> TASK PROMPT
Go through the data and copy every line exactly, but not the images.

> INFORMATION SHOWN
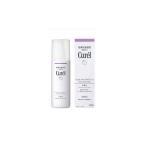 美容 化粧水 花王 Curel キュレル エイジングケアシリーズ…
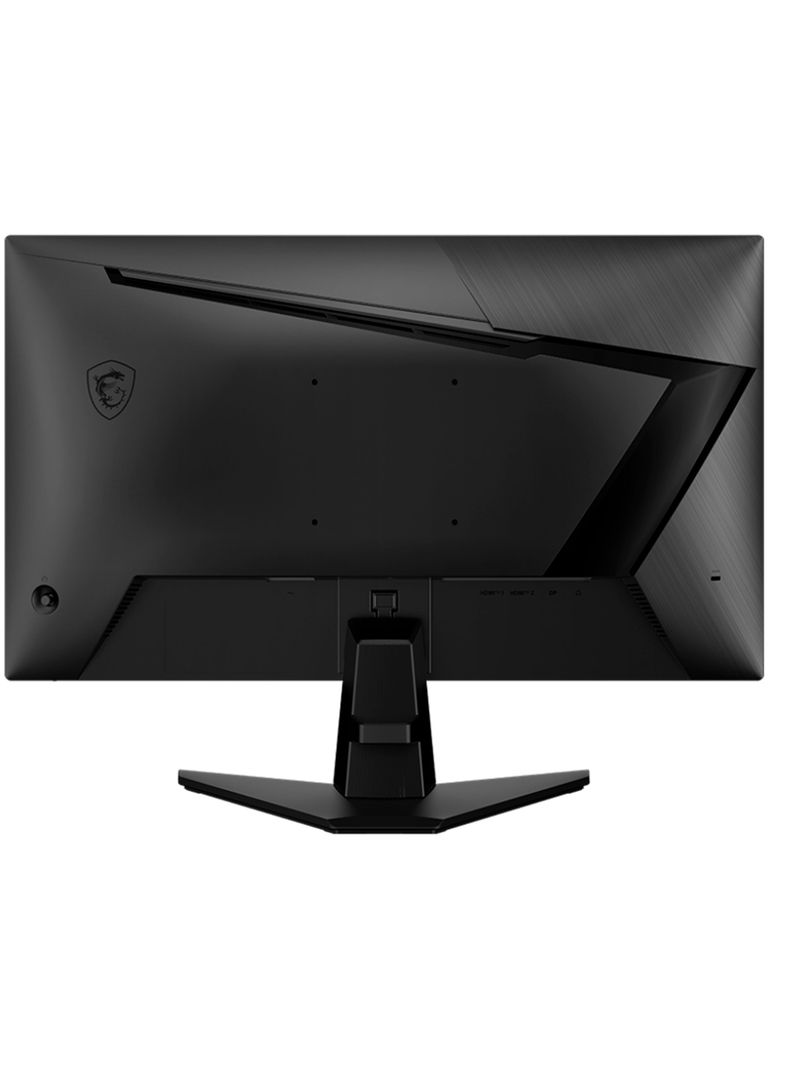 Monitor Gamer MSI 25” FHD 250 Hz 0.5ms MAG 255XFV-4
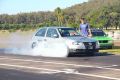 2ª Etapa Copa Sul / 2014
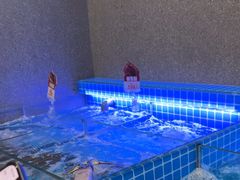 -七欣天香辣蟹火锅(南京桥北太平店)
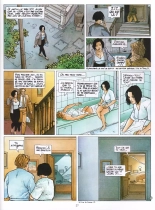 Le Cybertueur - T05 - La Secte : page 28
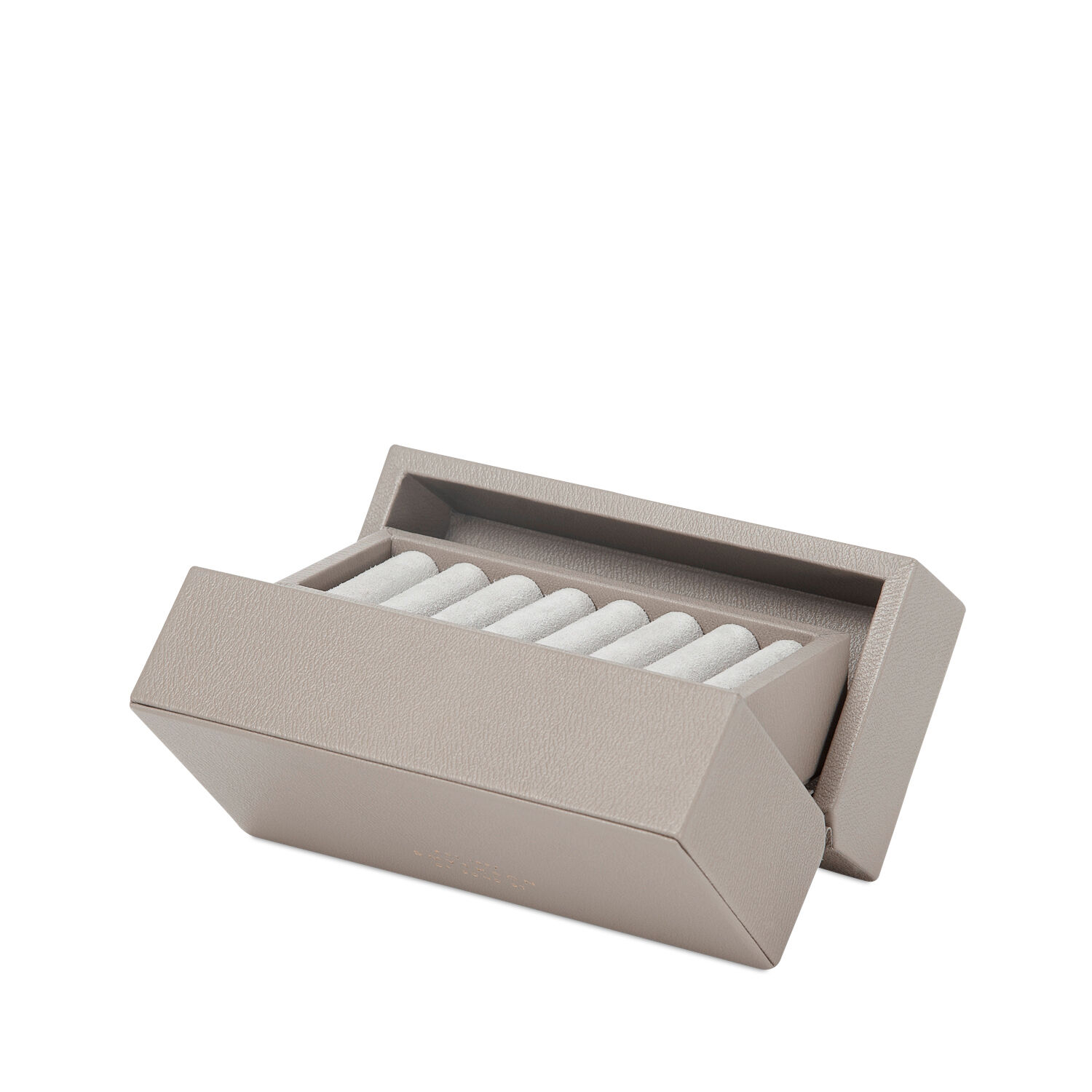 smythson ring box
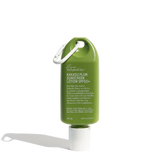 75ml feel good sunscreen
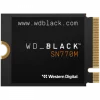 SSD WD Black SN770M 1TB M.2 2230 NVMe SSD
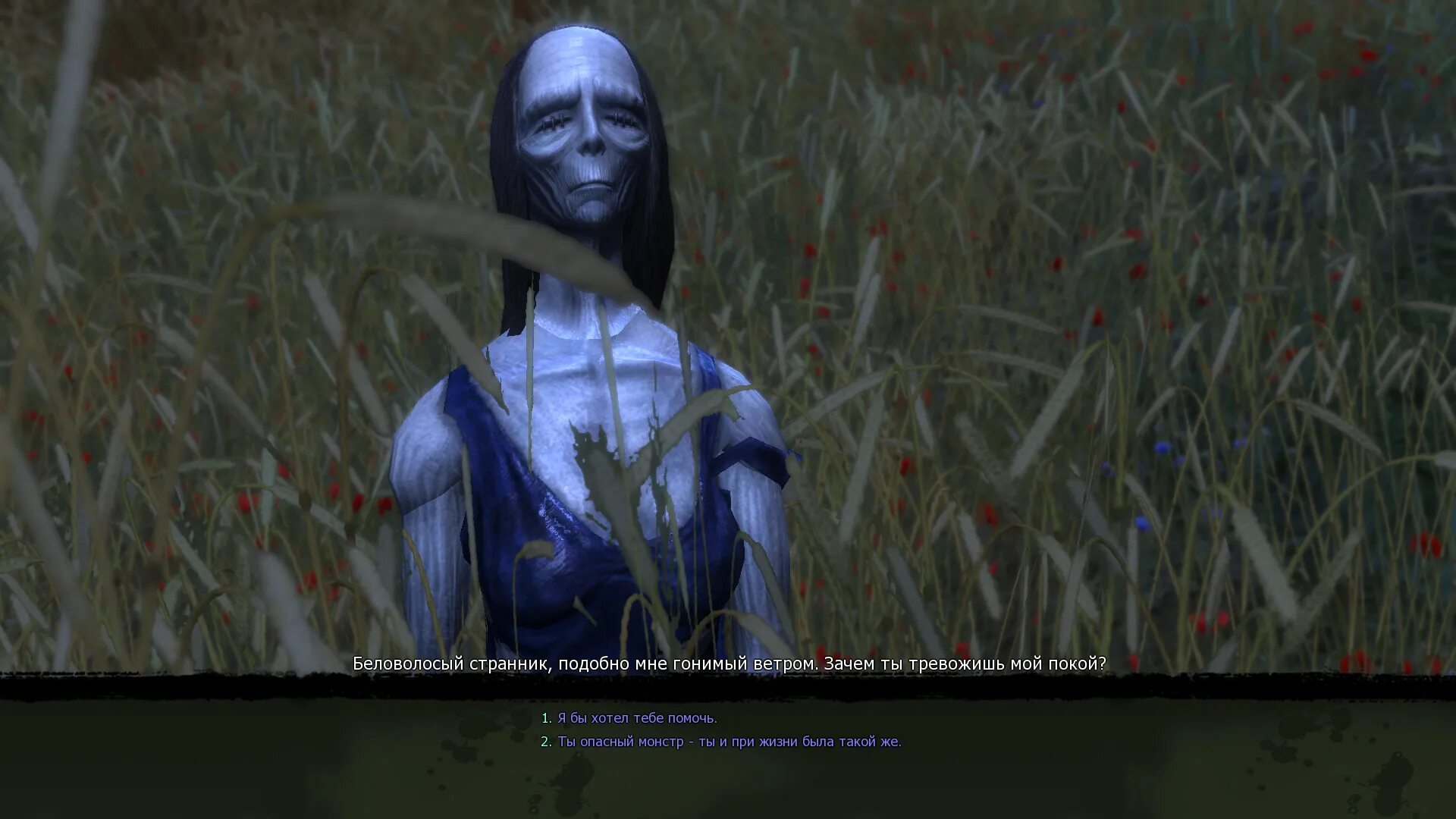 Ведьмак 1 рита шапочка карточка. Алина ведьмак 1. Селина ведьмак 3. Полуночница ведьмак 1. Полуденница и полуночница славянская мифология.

> EXERCISE RESULT
 美容 化粧水 花王 Curel キュレル エイジングケアシリーズ…
 Monitor Gamer MSI 25” FHD 250 Hz 0.5ms MAG 255XFV-4
 2ª Etapa Copa Sul / 2014
 -七欣天香辣蟹火锅(南京桥北太平店)
 Le Cybertueur - T05 - La Secte : page 28
 smythson ring box
 75ml feel good sunscreen
 SSD WD Black SN770M 1TB M.2 2230 NVMe SSD
 Ведьмак 1 рита шапочка карточка. Алина ведьмак 1. Селина ведьмак 3. Полуночница ведьмак 1. Полуденница и полуночница славянская мифология.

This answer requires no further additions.